Kibwana is adding value to agricultural produce, as other counties are stuck at the promise gate. He is creating jobs for the youth, as other counties engage their relatives and goons-for-hire as ghost workers.
Some governors cannot even conspire competently, leaving smoking guns at every turn. A bank account of one governor’s secretary has been frozen, with Sh400 million. The secretary’s monthly salary is Sh60,000.
Expect nothing much from sleeping counties when you hear a grieving mother of a murdered university student say, “we were promised a tender”. Some of these tenders are known to conscientious residents.
The 47 counties rely on the National Treasury for up to 95 per cent of their funding. The rest comes from partnerships with development partners, and local revenue. In some counties local revenues are eaten at source. Executives are eating. Small people are also fiddling with the money they handle.

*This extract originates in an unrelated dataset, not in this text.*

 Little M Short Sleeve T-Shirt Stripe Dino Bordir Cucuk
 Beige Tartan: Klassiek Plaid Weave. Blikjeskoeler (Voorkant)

Do not ask where Kibwana gets ideas to fly when others are crawling. The man went to the right schools for his academic work. But he has also attended the best local school: The one serious leaders need to understand community development.
The man knows Makueni and understands. He knows the development priorities and the potential of Makueni. But Kibwana has added value to the knowledge. He has a system of assessing county priorities by subcounties, wards, locations, and sublocations.
The donkey is tired. You mount a mule only if it cooperates by leaning backwards.